START Data extract

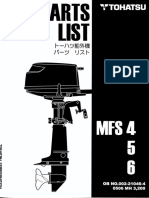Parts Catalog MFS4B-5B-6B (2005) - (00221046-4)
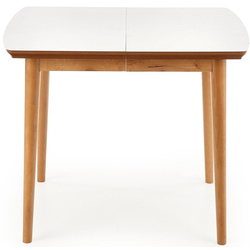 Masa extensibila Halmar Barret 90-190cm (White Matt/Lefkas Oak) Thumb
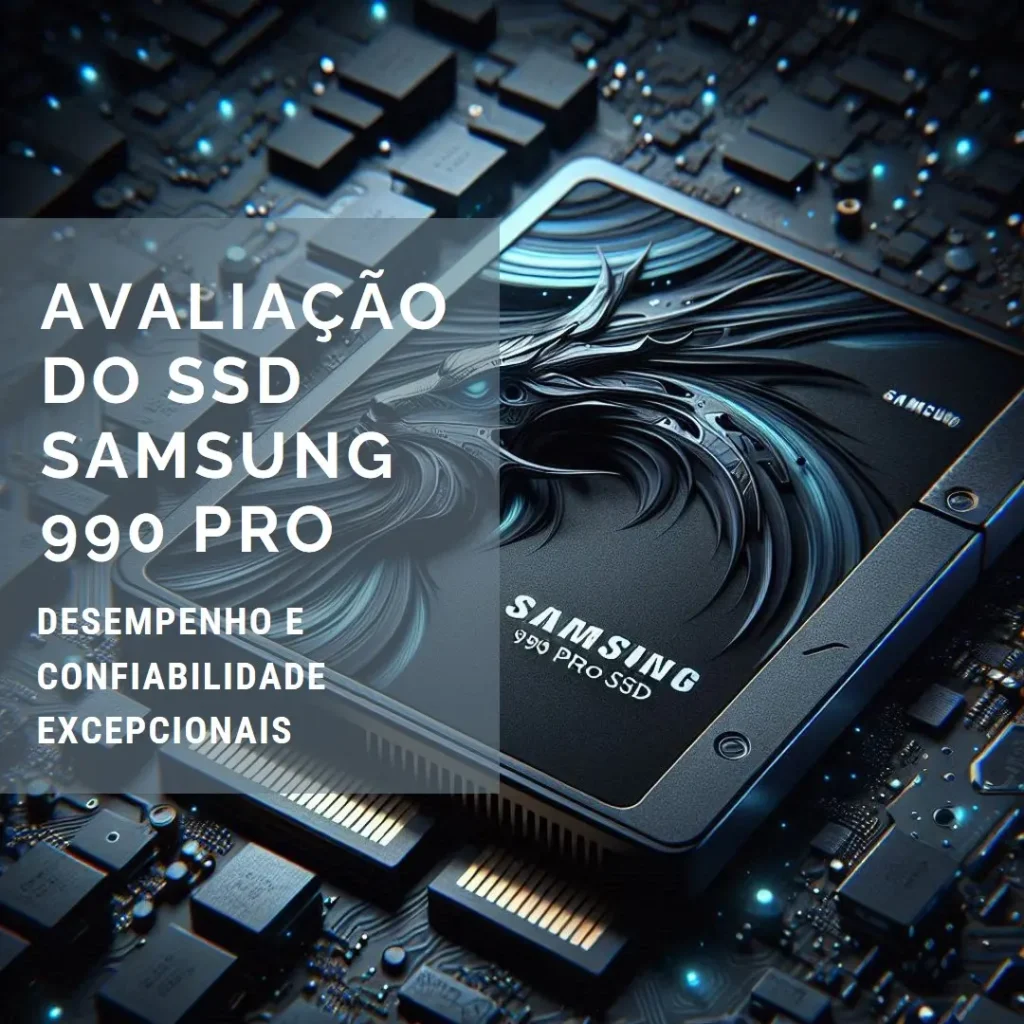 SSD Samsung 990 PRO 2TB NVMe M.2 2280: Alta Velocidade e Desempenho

END Data extract

A faithful copy of all the data above is required, printed exactly and with no pictures.

Parts Catalog MFS4B-5B-6B (2005) - (00221046-4)
 Masa extensibila Halmar Barret 90-190cm (White Matt/Lefkas Oak) Thumb
 SSD Samsung 990 PRO 2TB NVMe M.2 2280: Alta Velocidade e Desempenho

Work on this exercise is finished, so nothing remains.